In an increasingly connected world, learning a second language online or at school has come to be encouraged and even expected of many students. With practical benefits ranging from career opportunities to sociocultural ones, taking a lesson on Duolingo doesn’t seem like too much of a hassle. But learning a second language (L2)—and falling out of using your first—can lead to a process known as language attrition, where a speaker’s fluency in their first language (L1) gradually decreases after learning their second (Ahn et al. 2017).
Research work in L1 attrition has received relatively little attention compared to L2 attainment work (Ahn et al. 2017; Schmid 2015). Linguistics Professor Monika S. Schmid, a prominent researcher in the field, mentions that “attriters” may even feel isolated in their struggle due to lack of awareness (Schmid 2015). Additionally, in a comprehensive review of the existing literature, Gallo and colleagues suggested that more attrition-related studies must use brain-imaging techniques to gain a better foundational understanding of the phenomenon (Gallo et al. 2021). This again indicates that our current understanding of the neural basis of language attrition is significantly lacking.
Despite these challenges, fascinating studies on the temporal importance of the onset of language attrition have been conducted over the past several decades. These studies have tried to determine whether the age at which an individual learns their L2 significantly impacts the progression of L1 attrition.
One such study investigated this issue by having 68 Chinese-Korean and Russian-Korean bilingual children aged 11-14 years old complete the HALA task, an experiment designed to test participants on their word retrieval speed and accuracy in both languages. The researchers found no correlation between the age of L2 acquisition and the participant’s L1 word naming accuracy. Instead, Kim and Kim found that the “relative amount of L1/L2 input” was more strongly linked to language attrition in bilinguals (Kim and Kim 2022).

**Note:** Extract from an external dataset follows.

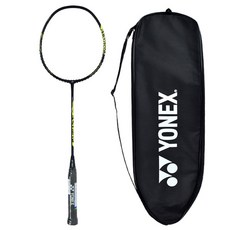 YONEX ASTROX CS 羽球拍, 1個, 單一商品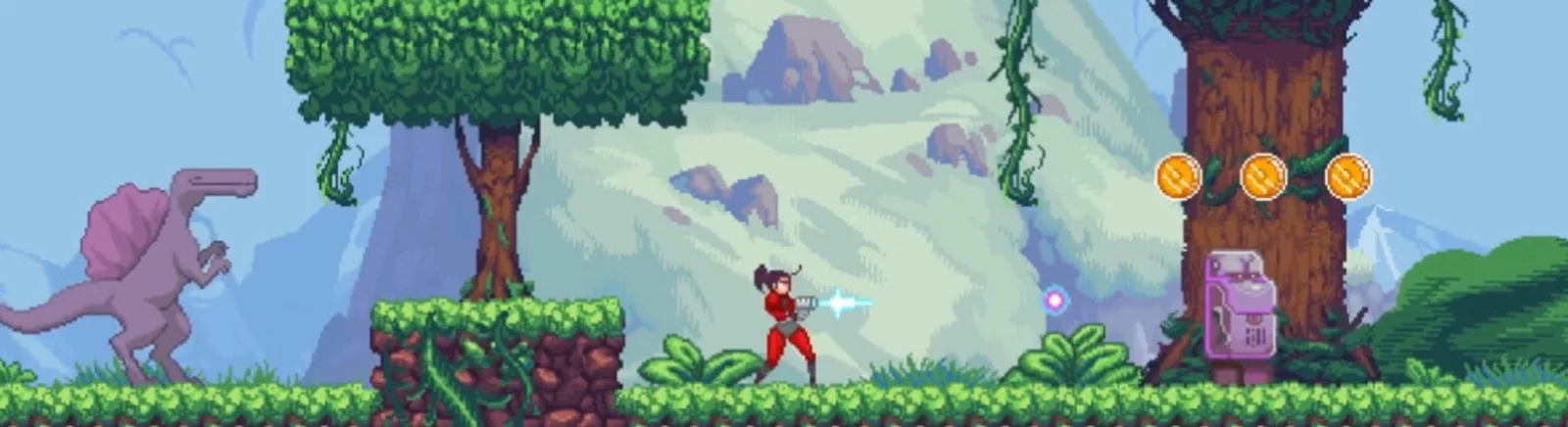 Все отзывы и оценки Vivaldia 2 — 1 мнение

It’s important to accept these results with discretion, though. The participants of Kims’ study were not diverse in terms of their age, as all of the recruited children were 11-14 years old. The study also directly challenges some of the previous research that has been done on relating age to language attrition. One such study conducted by linguistics professor Emanuel Bylund found evidence for a “critical period” in which children tend to forget their first language more easily before the age of 12 (2009). These conflicting results demonstrate that the Kims’ suggestion that the age of L2 acquisition plays an influential role cannot be taken as absolute. The need for further study on this topic is therefore evident.

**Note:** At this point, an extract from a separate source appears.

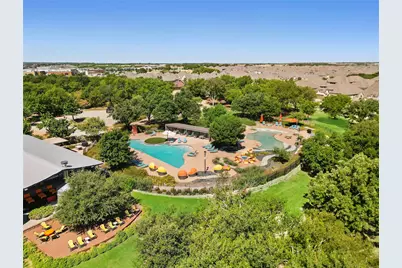 10104 Bitterroot Drive, Little Elm, TX 75068 - Photo 35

While the Kims’ study doesn’t answer our questions about whether a critical period for language loss exists, it’s still a step forward in bilingualism research: the results show a clear need to differentiate between one’s age of L2 acquisition and relative exposure to first and second languages. As scholarly interest in L1 attrition continues to grow, acknowledging this difference will prove to be instrumental in understanding the cognitive and psychological processes that underlie both language acquisition and loss.

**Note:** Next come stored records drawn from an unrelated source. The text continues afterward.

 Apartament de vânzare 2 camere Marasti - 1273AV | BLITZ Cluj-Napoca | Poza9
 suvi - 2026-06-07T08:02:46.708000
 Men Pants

Ahn, Sunyoung, et al. “Age Effects in First Language Attrition: Speech Perception by Korean-English Bilinguals.” Language Learning, vol. 67, no. 3, 20 July 2017, pp. 694–733, 10.1111/lang.12252. Accessed 20 Nov. 2019.
Bylund, Emanuel. “Maturational Constraints and First Language Attrition.” Language Learning, vol. 59, no. 3, Sept. 2009, pp. 687–715, 10.1111/j.1467-9922.2009.00521.x.
Gallo, Federico, et al. “First Language Attrition: What It Is, What It Isn’t, and What It Can Be.” Frontiers in Human Neuroscience, vol. 15, 7 Sep. 2021, 10.3389/fnhum.2021.686388. Accessed 24 July 2022.
Gorsky, Emily. “Why Learn a Second Language? The Benefits of Bilingualism.” Berlitz, 21 Jan. 2020, www.berlitz.com/blog/benefits-of-bilingualism.
Kim, Kitaek, and Hyunwoo Kim. “Sequential Bilingual Heritage Children’s L1 Attrition in Lexical Retrieval: Age of Acquisition versus Language Experience.” Bilingualism: Language and Cognition, vol. 25, no. 4, 10 Jan. 2022, pp. 1–11, 10.1017/s1366728921001139. Accessed 16 Mar. 2022.
Schmid, Monika. “What Is Language Attrition?” Language Attrition, 18 Nov. 2015, languageattrition.org/what-is-language-attrition/.
StudySmarter. “Critical Period: Definition, Hypothesis, Examples | StudySmarter.” Studysmarter.us,www.studysmarter.us/explanations/english/language-acquisition/critical-period/.
University of Hawaiʻi at Mānoa. “HALA Project | University of Hawai’i at Mānoa Department of Linguistics.” Ling.hawaii.edu, ling.hawaii.edu/research-current/projects/hala/. Accessed 27 Jan. 2023.